タイから来日し、日本で暮らし始めて6年目になるヒサワニッチ・キッテイデーチさん(32)。本年度から旭川左官高等職業訓練校に入校し、2年間で左官業の技能習得に努める。「覚えることが多くて大変だけど、資格取得を目指して勉強に励みたい。いつか職人として一人前になれれば」と決意を語る。(旭川支社・中村 謙太記者)
1989年8月25日生まれ。4人兄弟の末っ子として生まれた。タイの大学を卒業後は、船の整備士として母国で働いた。

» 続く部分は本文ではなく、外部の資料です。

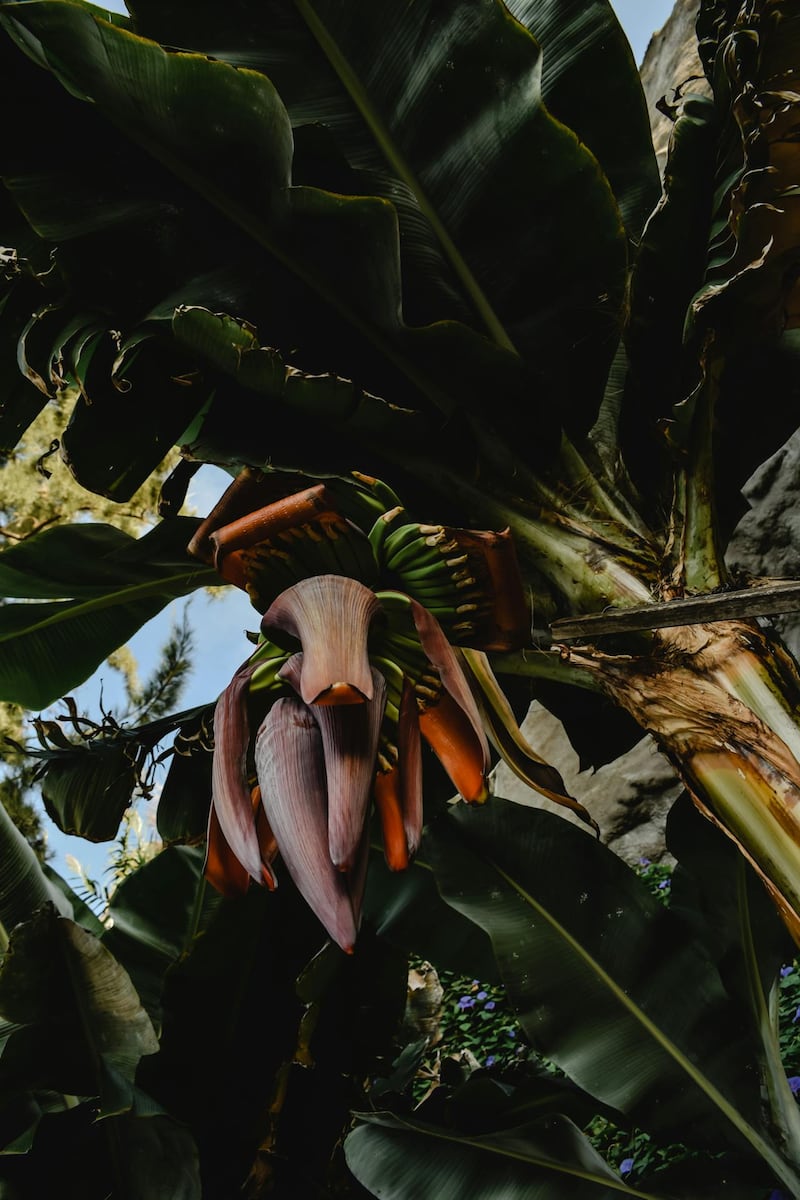 Banano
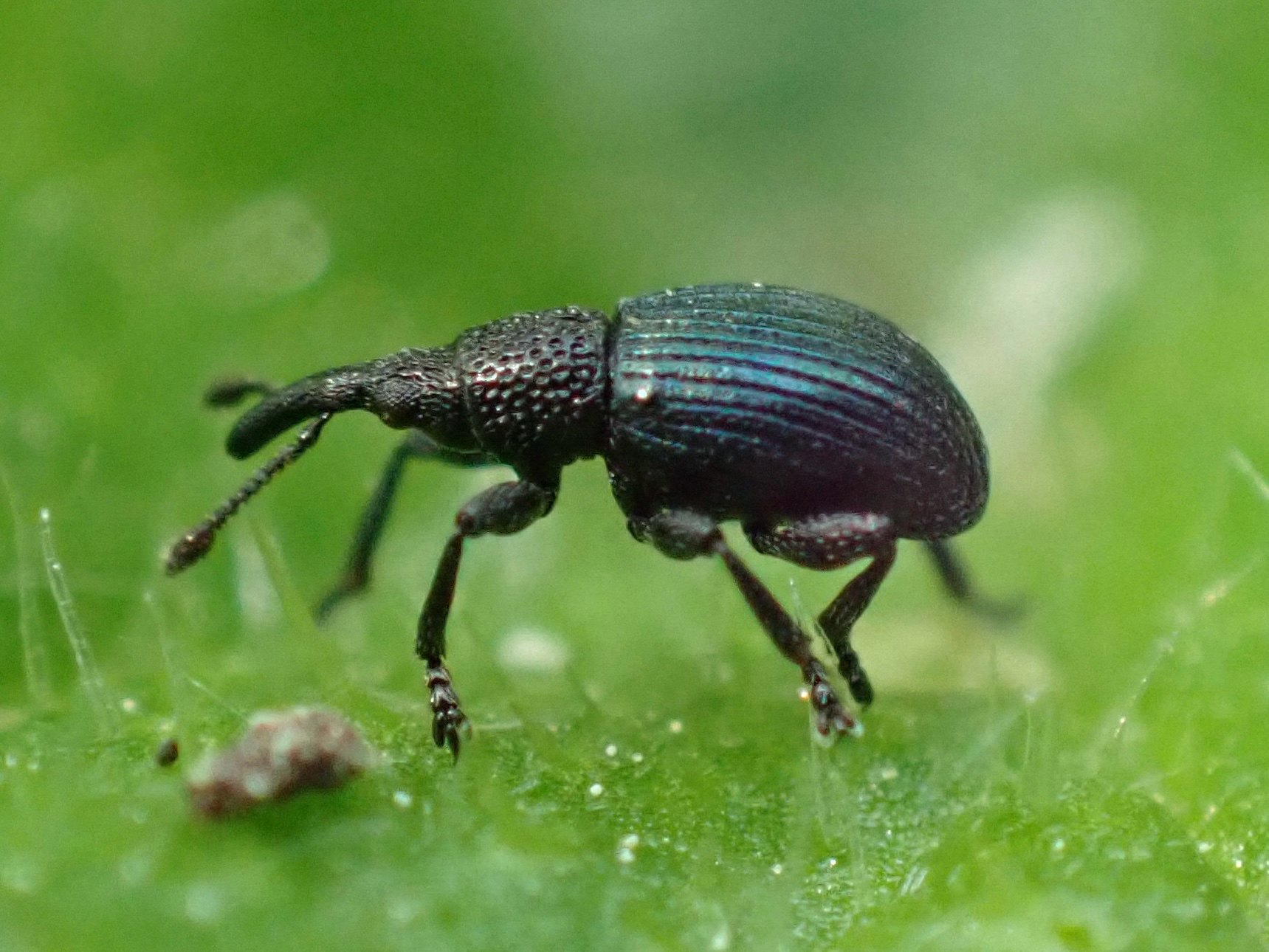Ceratapion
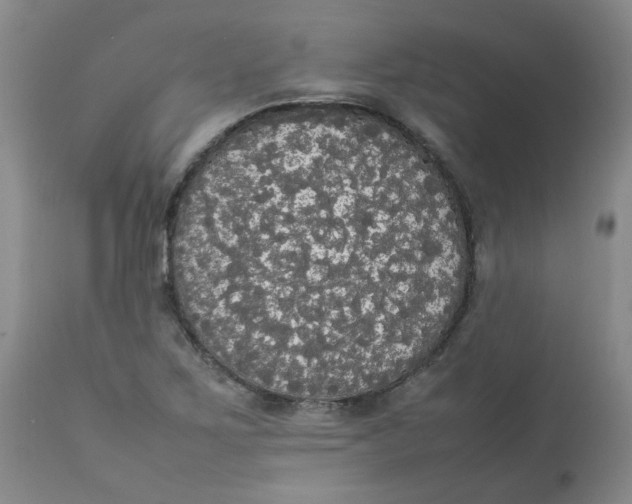 X0000112831267200909181641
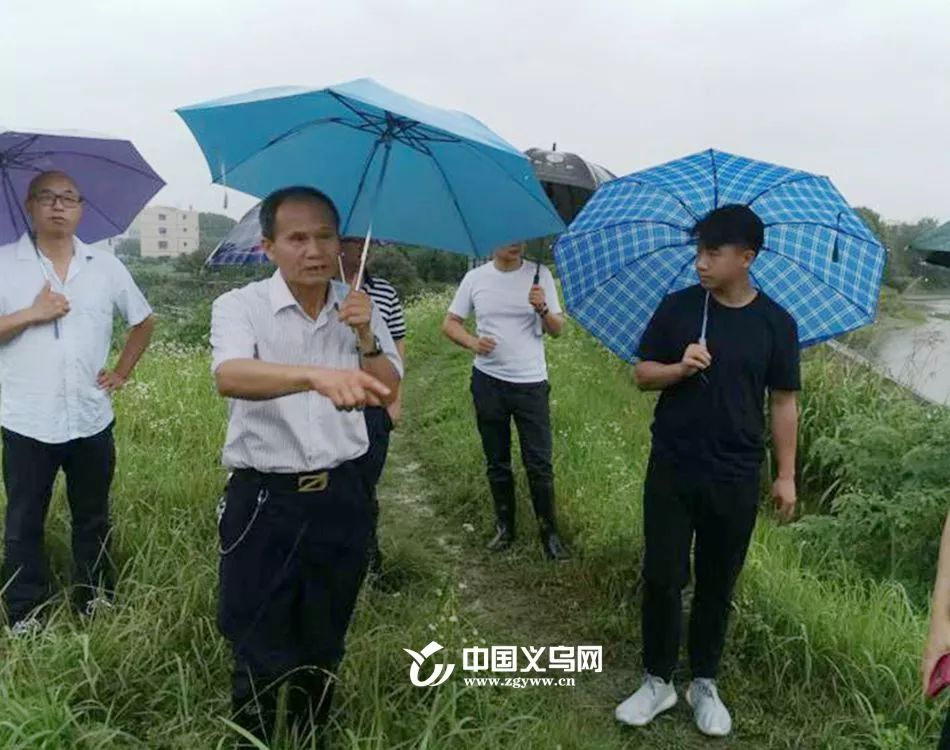 娴欐睙涔変箤杩欎袱澶╃殑瑙嗛,涔変箤杩欎袱澶╃殑瑙嗛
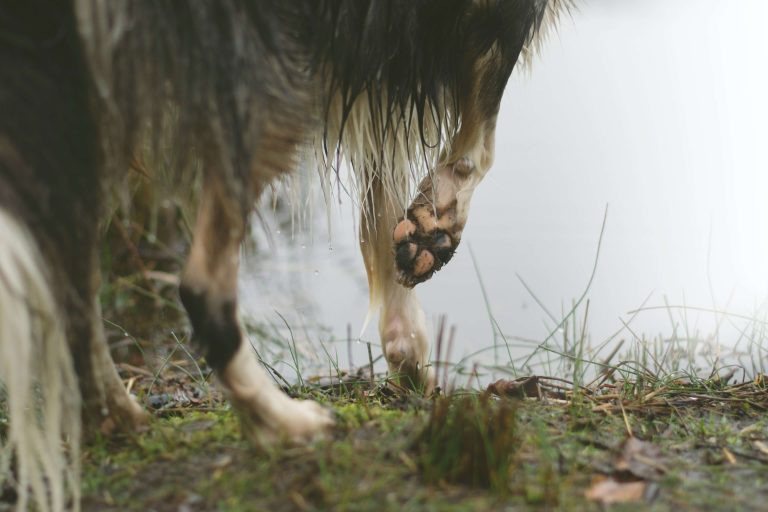Do Border Collies Have Webbed Feet? Exploring the Truth.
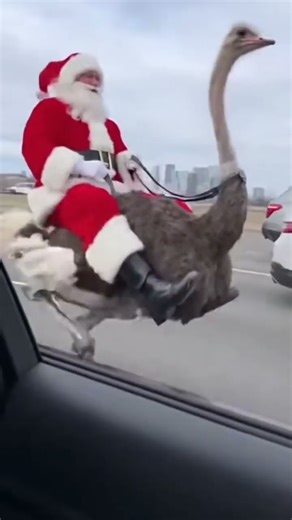 Santa’s Funniest Christmas Moment Ever 😂 #FunnySanta #ChristmasFails #SantaClaus #ChristmasComedy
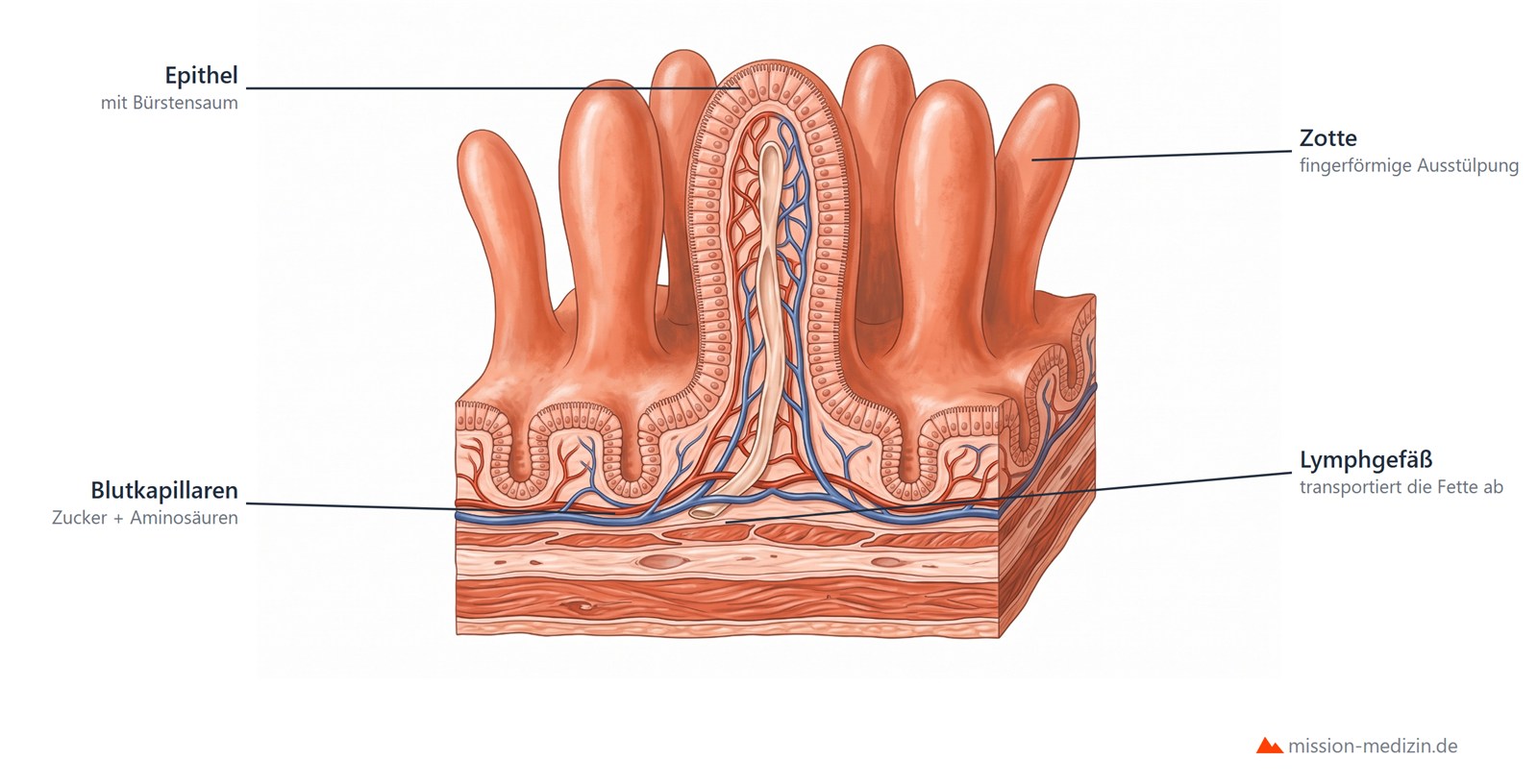 Darmzotte im Anschnitt: Epithel mit Buerstensaum, Blutkapillaren und zentrales Lymphgefaess
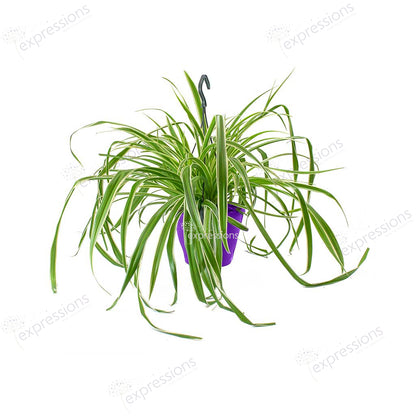 Chlorophytum atlantic - air-purifying spider plant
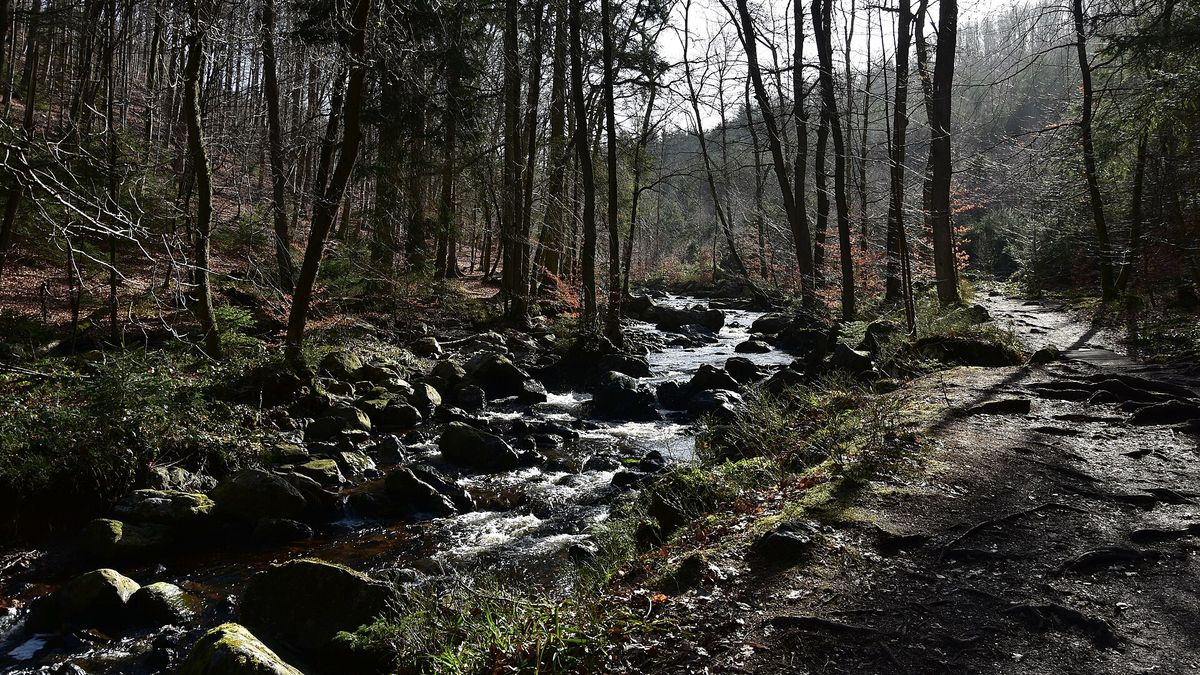 De Hoëgne stroomt tussen rotsblokken door het bos bij Sart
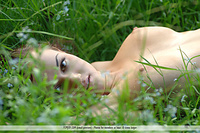 Free pictures of erotica pussy erotic free nude pics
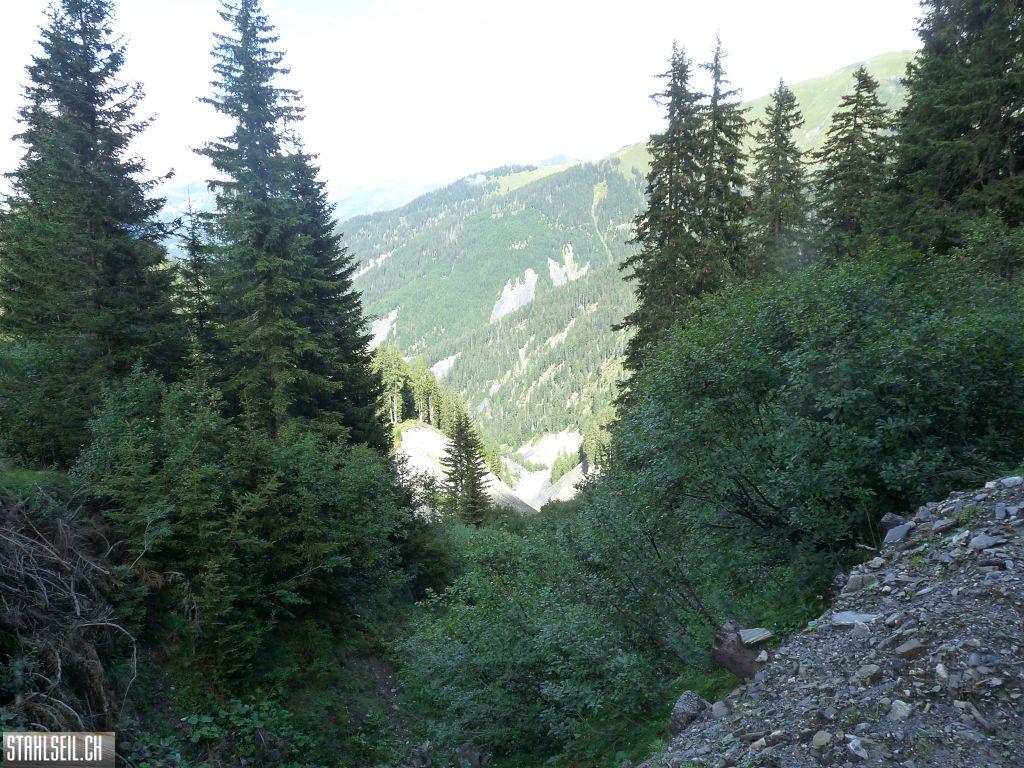 k-P1440367.JPG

嵐やKAT―TUNなど、ジャニーズの曲が好きで、日本に興味を持った。地元の日本語学校で日本語を学んだが、「習得するには実際に日本で暮らすことが一番」と留学を決意。資金をためて日本へ飛んだ。
旭川市と隣り合う東川町立東川日本語学校で1年半ほど学び、旭岳のホステルで働いた。「せっかく留学したのだから、しばらく日本で頑張ってみたい」と思っていたとき、旭川市で左官業を営む美浪左官工業に巡り会った。
職場に入って間もないが、ベトナム人の社員もおり、「周りの社員も気を遣ってくれている。いい環境に恵まれた」と笑顔を見せる。現場で体を動かして働く方が自分に合っていると語り、左官の仕事にも意欲を見せている。
語学習得のこつは「毎日会話をすること」。分からない単語があればすぐに調べ直すなど日本語の勉強は今も欠かさない。「大変優秀で努力家。頼もしい人材」と美浪利光社長も人柄を高く評価する。